Kdewallet, "GPG vs Blowfish"

Hi all,

A while ago (Ssh-agent and kdewallet) I’ve set up - with grateful help by some of you - KDE/Plasma Autostart settings for ssh-agent. Still works fine, in general.

As written in my old post, I’ve used a “sleep 30” for a desired delay, my barebone that time was pretty slow :slight_smile:

Got a new one, recently. Which is much faster. Deleted the “sleep 30” line. But still a initial wait period of ~45-60 sec until pinentry-qtasks me for my PGP key PSK.

Does anyone know why this takes that long? Leap 15.6 boots in a few seconds (UEFI). After login into Plasma (Wayland) it again takes only a few seconds until everything is “up and running”, smooth and responsive. But even if I do “nothing” after login - it takes min. 45-50 sec.

Whereas - tested it yesterday evening - using a blowfish encrypted wallet, named kdewallet, same pw as login user - is as designed opened by default, in a way fast that I as a user don’t even recognize the interval between “not opened” and “open”.

Why am I asking in general? 45+ secs would (still) not be an issue, “who cares” :wink:

BUT: pinentry-qt is the first dialogue, asking for GPG PSK. Immediately after this, org.kde.akonadi_davgroupware_resourceasks me for my Nextcloud cal/card/webDAV user PW, also stored in kdewallet. “Asks” = new popup dialog, next to the pinentry-qt, but getting focus! Means: As my PWs are not that simple, and as I’m unfortunately not the “touch typing” guy, I’ve frequently looked on my keyboard while typing GPG PSK. Not recognizing that “I’m” already focused on the Akonadi dialogue. Frequently happened that I’ve pressed when believing that I’m ready - but now with a wrong PW for Nextcloud. And as Akonadi tries and tries and tries, after seconds I’ve frequently kicked myself out of my own Nextcloud instance, on my Leap VPS - “bruteforce protection” :smiley: (NO chance to whitelist - external DHCP addresses at home…)

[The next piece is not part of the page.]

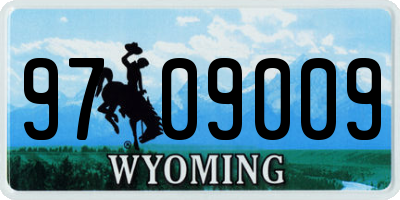 WY license plate 9709009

Solveable, always, but a pain in the neck :smiley:

Hints would be highly appreciated!

If “pam_kwallet” is installed, that attempts to open kwallet on login. But, because you are using gpg encryption, that prompts for a key. And it seems to take a while.

If you are instead using blowfish encryption with your login key as encryption key, then the opening of kwallet is pretty much immediate (handled during login using your login password).

Back when I was using Leap 15.5, I tabooed “pam_kwallet” to avoid problems. And it mostly worked. But for 15.6, I gave up and allowed “pam_kwallet” to do its thing. And I avoid allowing kwallet to hold my ssh keys, because I don’t consider the kwallet security to be strong enough for that.